I won’t spoil the episode and the outcome, but I will tell you that I was very impressed by the math that was created for the show, and I am not a big fan of math.  Being a gymnast takes lots of practice and dedication to get muscles to move just right and to execute all of the flips and turns that seem to defy gravity and what a human body should physically be able to do.  But how would one show all of that movement in numbers and symbols?  It is very complicated and takes a lot of time.

bones-board

In the episode, the father of the murder victim, pays his respects not by crying over his loss but by showing his daughter’s life in a series of equations: her birth, her first steps, her first somersault, her first bike ride, kart-wheels, round-offs, through  gymnastics.  Ultimately, the equations show a stop in motion, meaning her death and final resting motion.  I don’t understand the amount of scribbling on the chalkboard and in the show, the genius forensic anthropologist, doesn’t understand all of it either.
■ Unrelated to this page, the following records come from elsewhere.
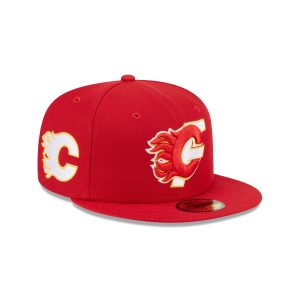 Calgary Flames Deceptor 59FIFTY Fitted Hat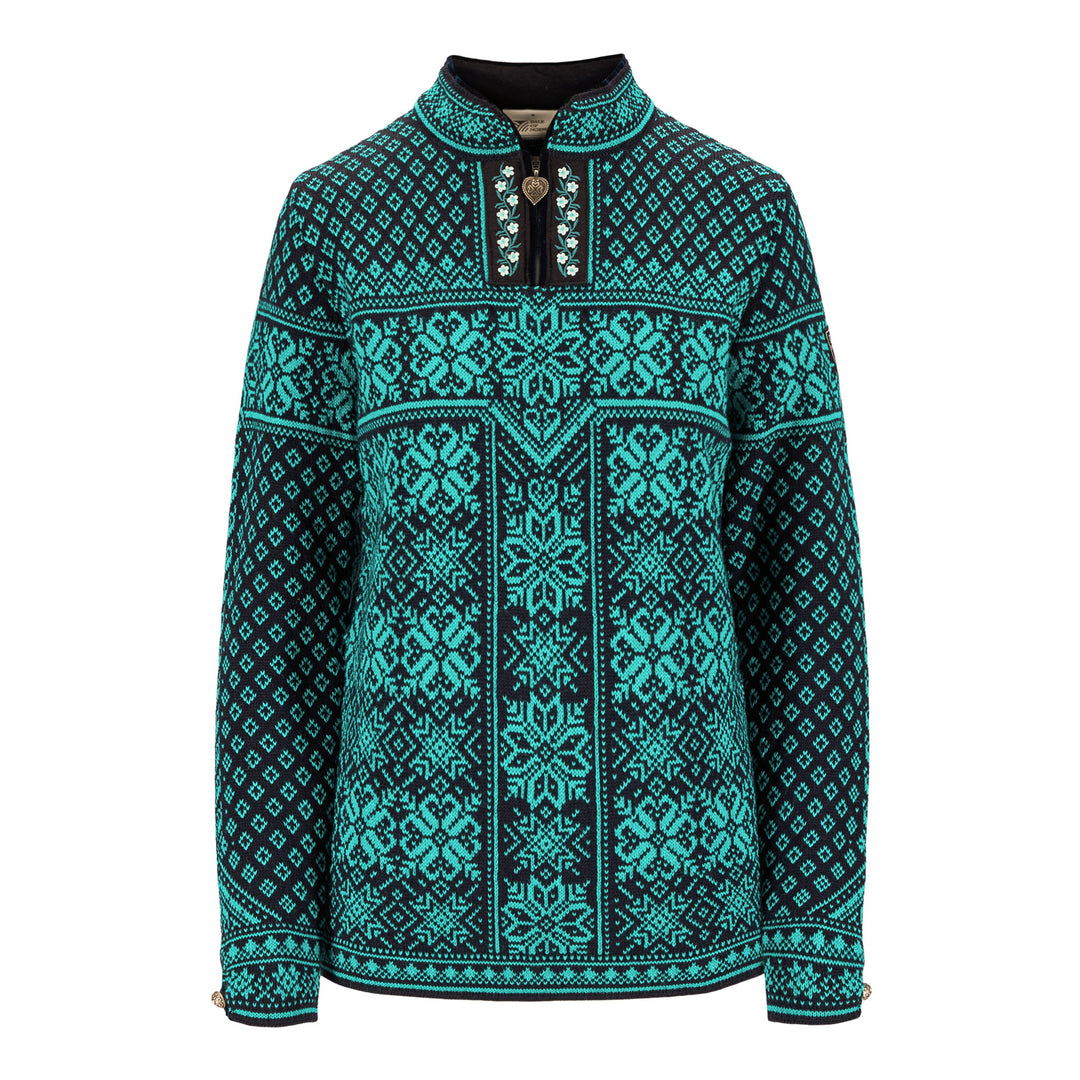 Dale of Norway Peace Sweater Womens' in Marine Peacock
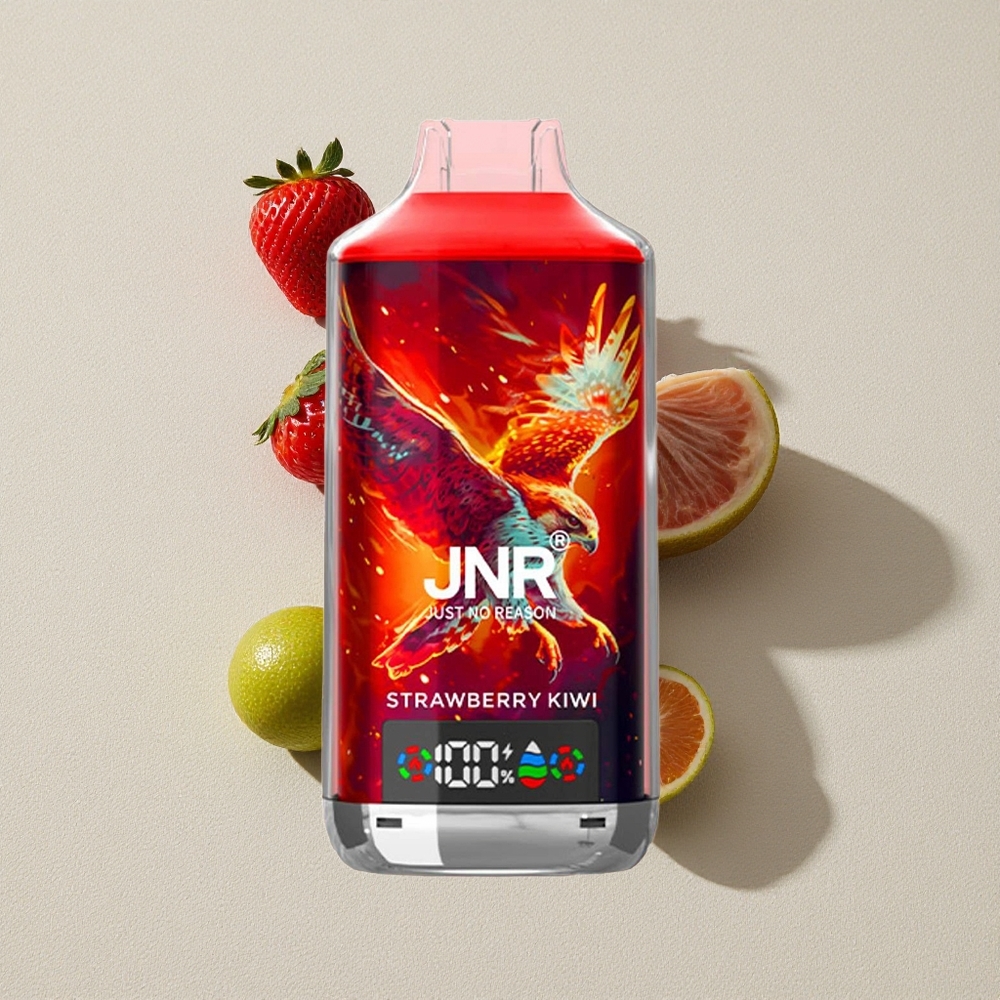 Strawberry Kiwi JNR Falcon X 18000 Puffs Dual Mesh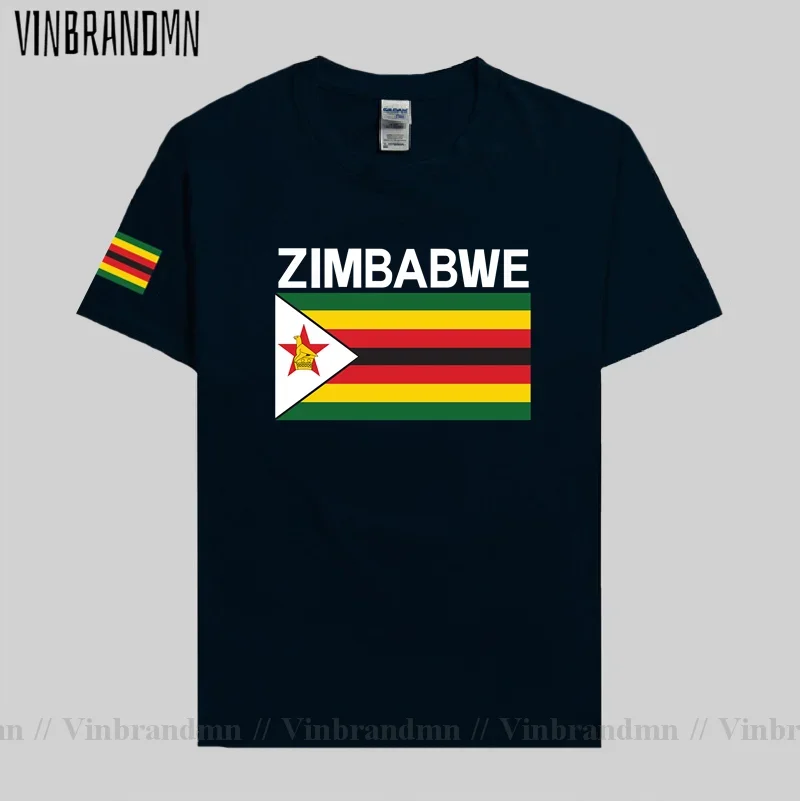 Zimbabwe T shirt Jerseys Nation Team Tshirt 100% Cotton T-shirt Clothing Casual Fashion Tops Tee Country Sporting ZWE Zimbabwean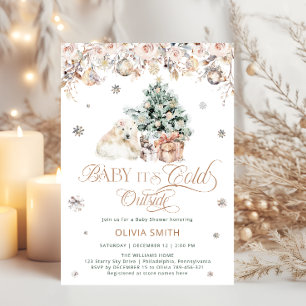 Polar Bear Baby's Cold Outside Baby Shower Einladung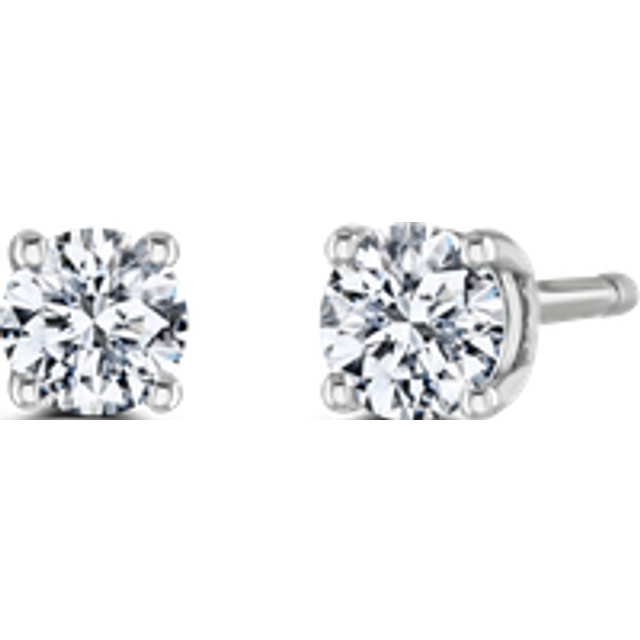 9ct White Gold 0.25ct Lab Grown Diamond Solitaire Stud Earrings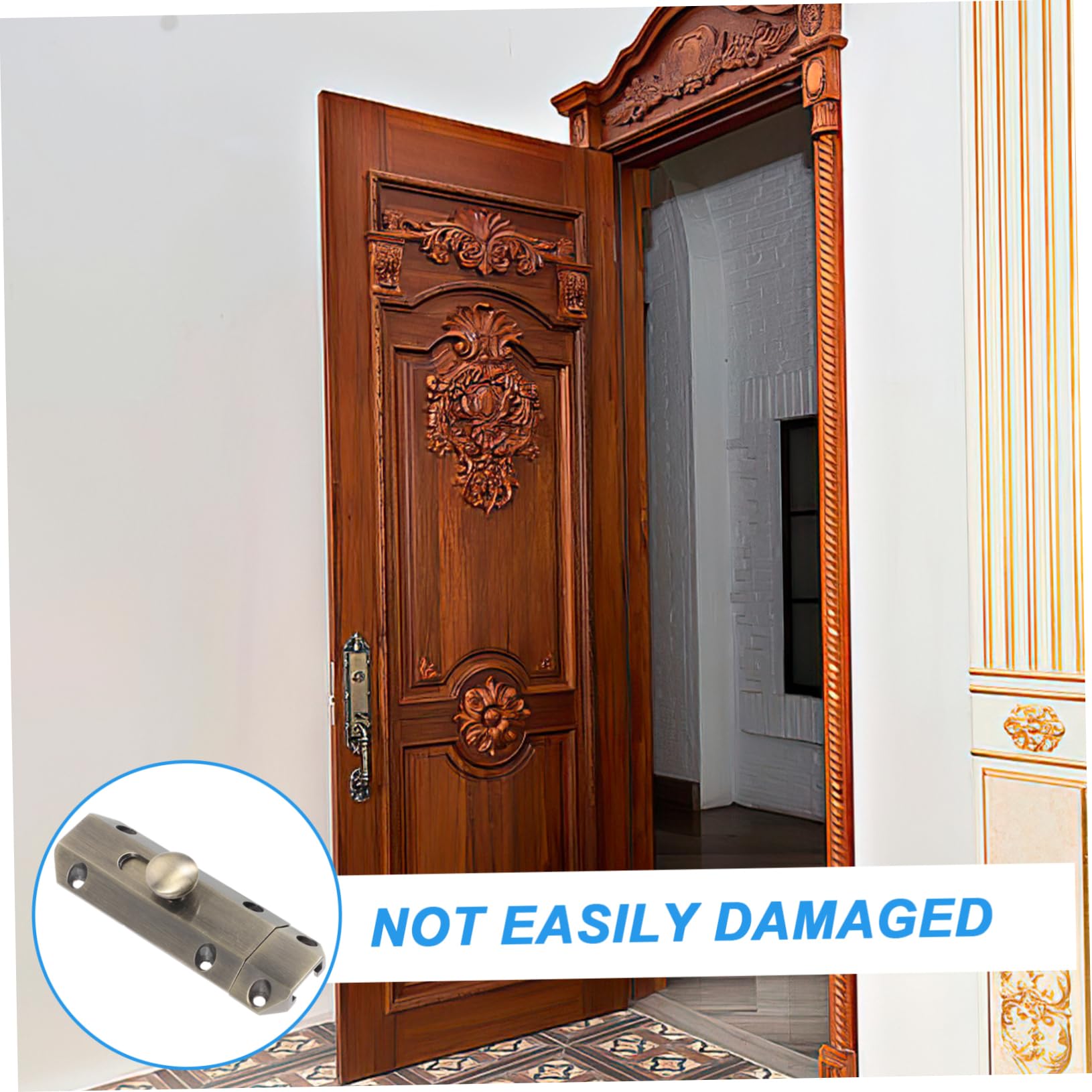 SHINEOFI 5 Pezzi Serratura Scorrevole per Porte e Finestre Chiavistello Sicurezza Retro Facile Installazione e Resistente Adatta per Interni Ed Esterni per Bagni Cucine e Camere da Letto
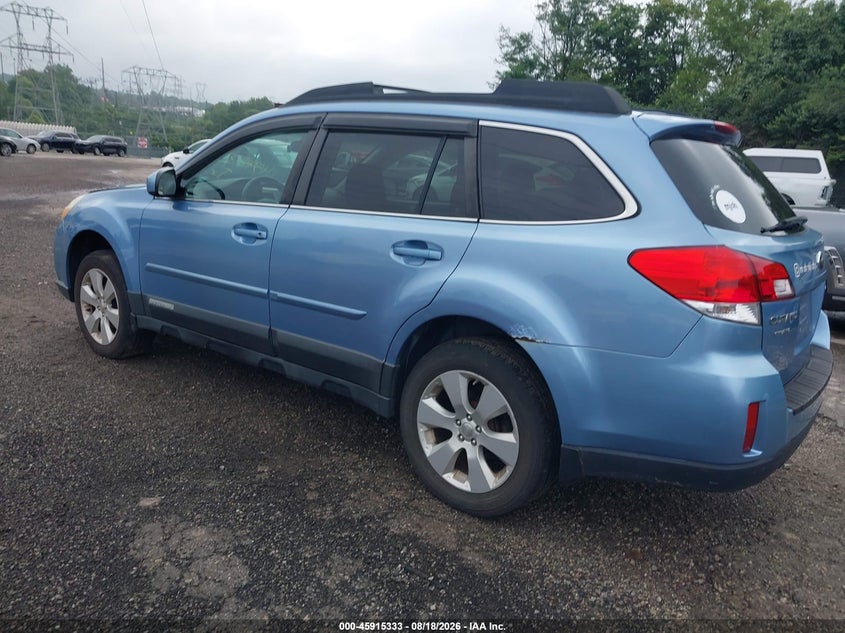 2012 SUBARU OUTBACK auction photo 3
Now, being a show on television, I wondered if the equations were actually possible or if they were simply made up to add some tv magic.  As it turns out these equations were real, the creators of Bones went out to find how this could be possible and contacted the right people to make it happen.  I thought it was very impressive that the show creators would make sure that every detail in the show was not overlooked.  I also thought that math could not be beautiful with its crazy symbols and mixing the alphabet in and showing no numbers at all in its multitude of equations.  I was wrong.  Math can be beautiful.  It was quite an emotional part of the episode, watching the victim’s life of motion represented in math.